Para empezar porque ahora está Vox, un partido salido de su propio seno, con el que tiene que llegar a una entente mínimamente cordial, aunque le cueste. Reconocerle como partido próximo, como interlocutor directo, sería lo mínimo. Y luego llegar a ver la posibilidad de compartir políticas y también de marcar distancias, pero desde un plano de igualdad. El PP no puede soportar la existencia de ese partido. Sabe que, de no haber sido por Vox, todo el espacio de la derecha, con los votos conseguidos en estas elecciones, le habría dado, de largo, la mayoría absoluta.  

El candidato del Partido Popular, Alberto Núñez Feijóo. EFE/Javier Lizón
El candidato del Partido Popular, Alberto Núñez Feijóo. EFE/Javier Lizón

Empezar a reconocer la existencia de Vox sería lo básico. Pero Feijóo no está preparado para eso. La prueba la tenemos en que nada más saber el resultado del 23 de julio a quien llamó primero fue al PNV, al mismo partido que había contribuido decisivamente a descabalgar a Rajoy en 2018. Al PNV le faltó tiempo para salir a los medios y airear su desplante. No sólo no está dispuesto a acordar nada con Feijóo sino que ni siquiera está dispuesto a reunirse con él, por su proximidad con Vox.

Después el líder del PP se fue a Santiago de Compostela, a recordar viejos tiempos, y asistió a las celebraciones del día de Santiago, junto al presidente de la Xunta, Alfonso Rueda, su heredero en el cargo. Feijóo asistió allí en primera fila a todos los actos oficiales, es de suponer que en calidad de antiguo presidente, y después hizo unas declaraciones para decir que en unas semanas iba a llamar al PSOE y a Vox para hablar de la investidura.

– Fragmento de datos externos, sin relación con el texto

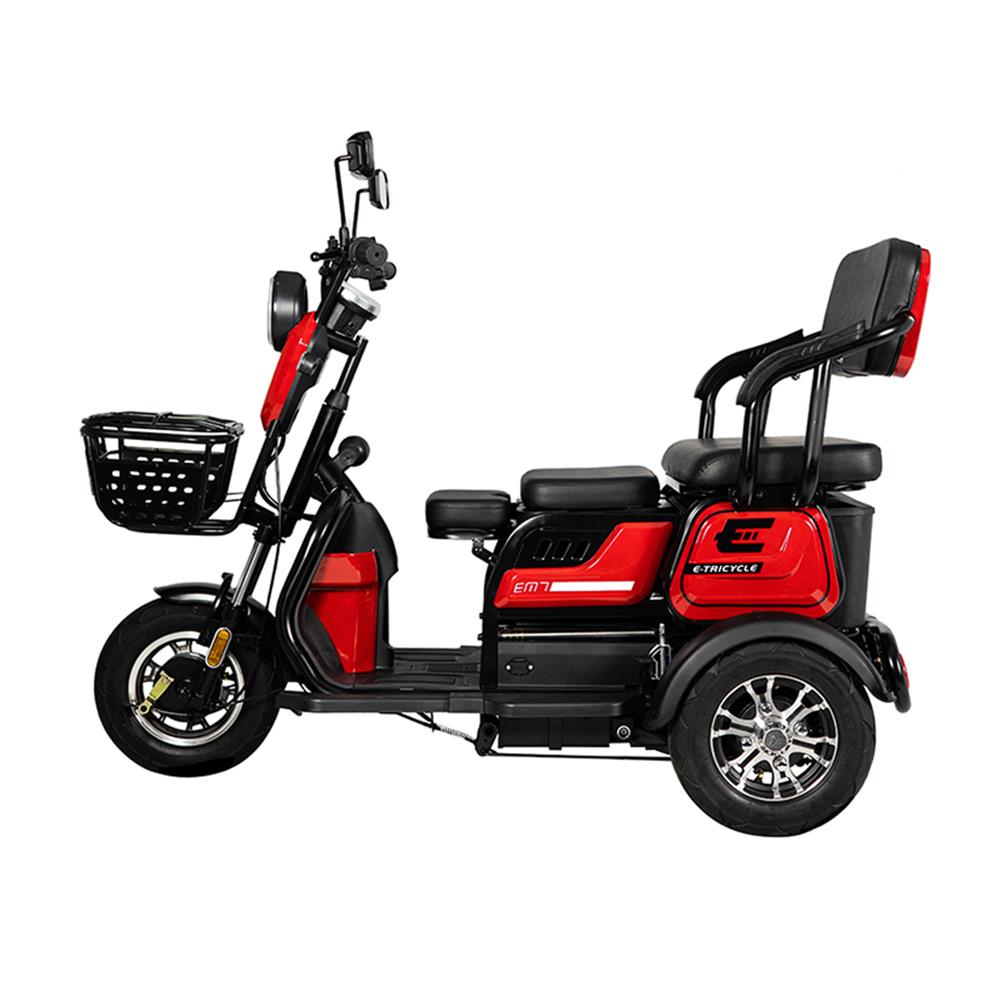สกู๊ตเตอร์ไฟฟ้า 3 ล้อ EM 7 สีแดง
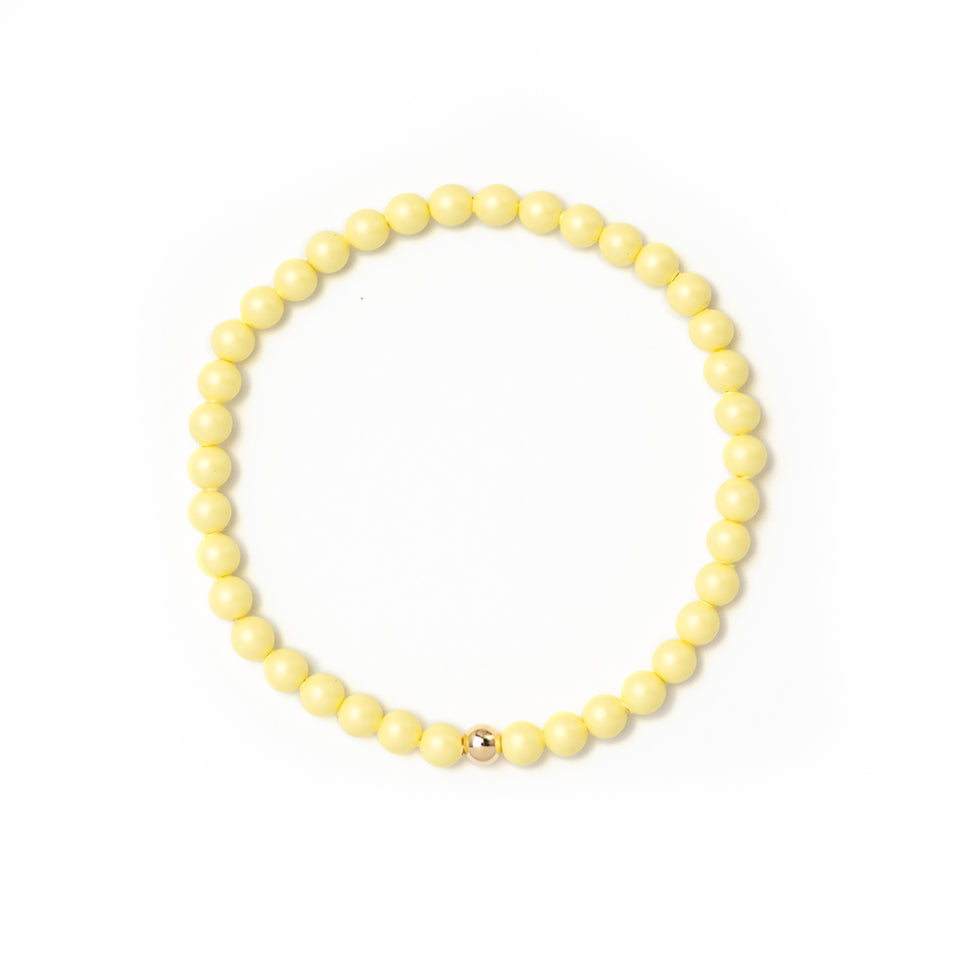 Pastel Yellow Bracelet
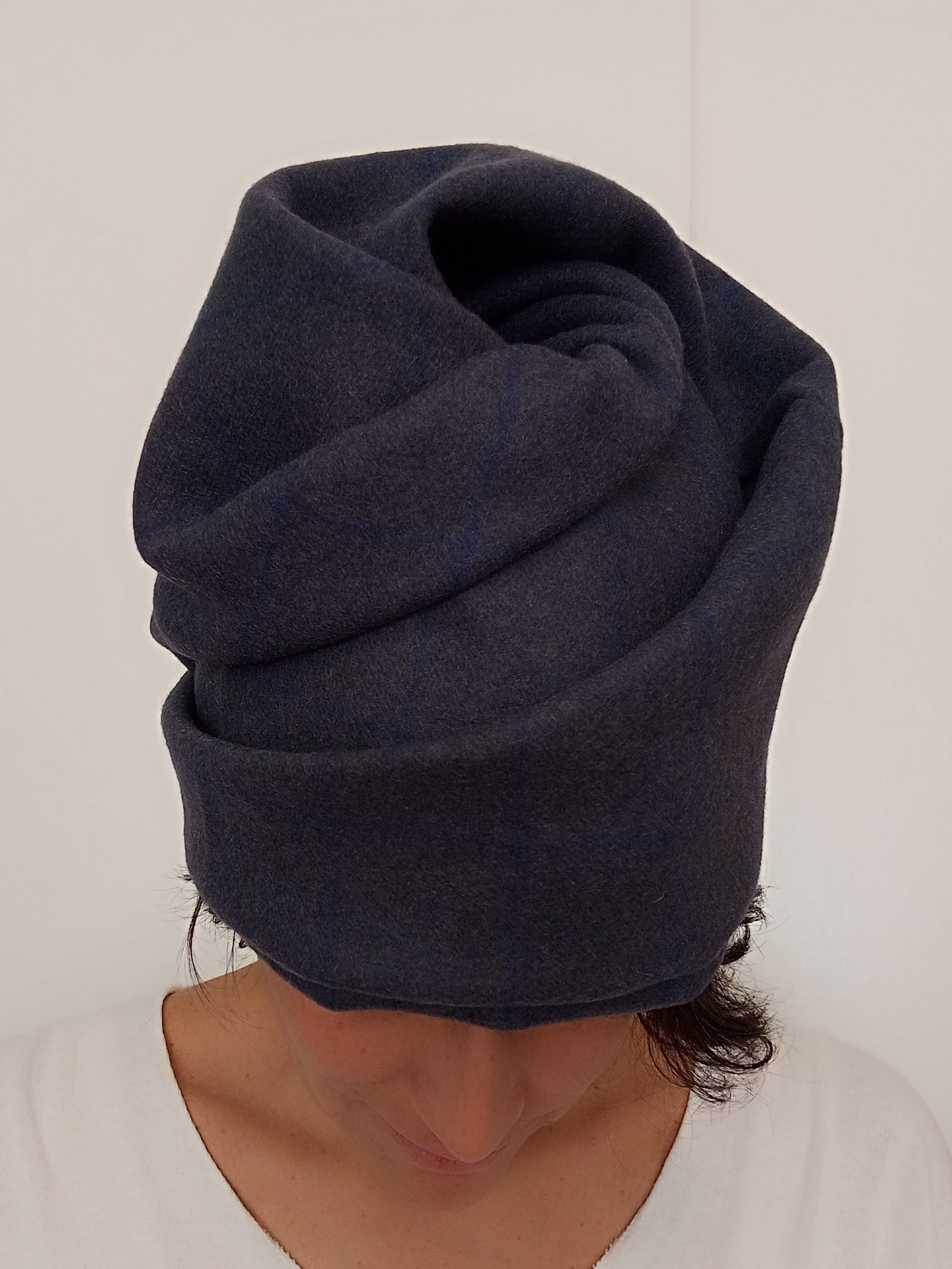 Cappello turbante lana cotta |  Handmade by La Zagara Lab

Fíjense qué obcecación en el orden de factores: primero dijo PSOE y luego dijo Vox. 

Este trato displicente a Vox y esta condescendencia con ese sector fantasmagórico del PSOE que, según Feijóo, no seguiría a Sánchez, sino que le preferiría a él mismo, es una alucinación que el propio Feijóo está pagando. O ha pagado ya, para mejor decir. Por eso afirmamos que Alberto Núñez Feijóo es un pato cojo y que el PP, con él, lo tiene muy complicado para alcanzar el gobierno (tan complicado al menos como Pedro Sánchez).